FRANZ-JOSEF OBERMAIER: Ich bin von Kind auf Sechzger-Fan. So wie es jetzt ist, kann es auf gar keinen Fall weitergehen. Es muss ein Neustart her. Und das, was ganz groß geschrieben werden muss: Bei 1860 muss die Menschlichkeit zurück! Ohne Menschlichkeit funktioniert kein Verein, kein Betrieb und keine Familie.
db24: Und was ist Ihnen noch wichtig?
Der e.V. muss wieder an Stärke zulegen! Der e.V. ist das Bindeglied des gesamten TSV 1860 München.
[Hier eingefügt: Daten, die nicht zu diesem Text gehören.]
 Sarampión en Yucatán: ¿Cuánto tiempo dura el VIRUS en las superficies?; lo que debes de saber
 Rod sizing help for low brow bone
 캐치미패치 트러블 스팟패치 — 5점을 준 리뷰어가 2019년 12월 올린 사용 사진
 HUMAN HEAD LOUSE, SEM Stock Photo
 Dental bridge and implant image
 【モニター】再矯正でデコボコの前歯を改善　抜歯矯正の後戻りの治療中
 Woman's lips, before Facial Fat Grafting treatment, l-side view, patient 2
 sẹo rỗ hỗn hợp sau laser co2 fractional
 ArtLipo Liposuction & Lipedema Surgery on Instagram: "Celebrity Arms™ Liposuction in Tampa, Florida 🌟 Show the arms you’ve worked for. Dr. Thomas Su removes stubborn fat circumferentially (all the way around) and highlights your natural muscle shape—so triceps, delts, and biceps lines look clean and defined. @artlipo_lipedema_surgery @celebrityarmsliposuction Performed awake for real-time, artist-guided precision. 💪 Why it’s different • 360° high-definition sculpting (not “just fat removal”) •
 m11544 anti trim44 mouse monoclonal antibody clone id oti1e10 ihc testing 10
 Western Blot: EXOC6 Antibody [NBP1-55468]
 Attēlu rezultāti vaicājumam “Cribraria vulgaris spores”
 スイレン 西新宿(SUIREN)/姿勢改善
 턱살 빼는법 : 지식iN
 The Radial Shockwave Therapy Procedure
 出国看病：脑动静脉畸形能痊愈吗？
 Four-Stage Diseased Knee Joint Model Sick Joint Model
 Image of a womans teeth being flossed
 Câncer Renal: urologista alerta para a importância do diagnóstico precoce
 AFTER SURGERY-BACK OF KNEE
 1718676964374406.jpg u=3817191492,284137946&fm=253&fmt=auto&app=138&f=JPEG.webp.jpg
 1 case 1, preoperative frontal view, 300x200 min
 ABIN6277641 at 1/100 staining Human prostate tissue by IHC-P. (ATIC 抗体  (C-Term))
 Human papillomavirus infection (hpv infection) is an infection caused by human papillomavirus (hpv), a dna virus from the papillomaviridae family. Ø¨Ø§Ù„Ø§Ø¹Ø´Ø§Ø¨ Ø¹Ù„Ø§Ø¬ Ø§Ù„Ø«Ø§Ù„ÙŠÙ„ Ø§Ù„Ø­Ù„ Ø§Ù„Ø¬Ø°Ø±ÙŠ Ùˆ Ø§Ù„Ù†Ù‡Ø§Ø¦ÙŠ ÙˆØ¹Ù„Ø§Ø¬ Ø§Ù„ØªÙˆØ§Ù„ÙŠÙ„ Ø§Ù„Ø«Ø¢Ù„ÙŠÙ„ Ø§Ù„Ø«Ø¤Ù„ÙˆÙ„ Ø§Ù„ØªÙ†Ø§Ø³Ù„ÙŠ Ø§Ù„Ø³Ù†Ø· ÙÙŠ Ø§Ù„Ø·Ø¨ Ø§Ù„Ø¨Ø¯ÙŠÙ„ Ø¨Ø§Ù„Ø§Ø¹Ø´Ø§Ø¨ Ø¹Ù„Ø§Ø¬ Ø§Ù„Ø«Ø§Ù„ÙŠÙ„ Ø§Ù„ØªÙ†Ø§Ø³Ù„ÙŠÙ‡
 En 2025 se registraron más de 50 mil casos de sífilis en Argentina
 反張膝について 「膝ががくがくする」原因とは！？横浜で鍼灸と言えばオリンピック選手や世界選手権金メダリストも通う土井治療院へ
Man muss sich das vorstellen wie eine Kette, in der folgende Glieder enthalten sind: Die Fans, die Sponsoren, der Investor - alle die sympathisieren mit den Löwen. Und das Bindeglied, das alles flutscht, ist der e.V. Und genau das treibt mich an. Ich kann Ehrenamt. Ich bin seit 28 Jahren Gemeinderat, auch Fraktionsvorsitzender meiner Gruppierung. Es funktioniert immer nur gemeinsam. Solange du Störenfriede hast, die im Hintergrund arbeiten und das System verteidigen, wirst du nie Erfolg haben.
db24: Die aktuelle Führungscrew wird vermutlich Ihnen entgegnen: Es ist doch alles in Butter…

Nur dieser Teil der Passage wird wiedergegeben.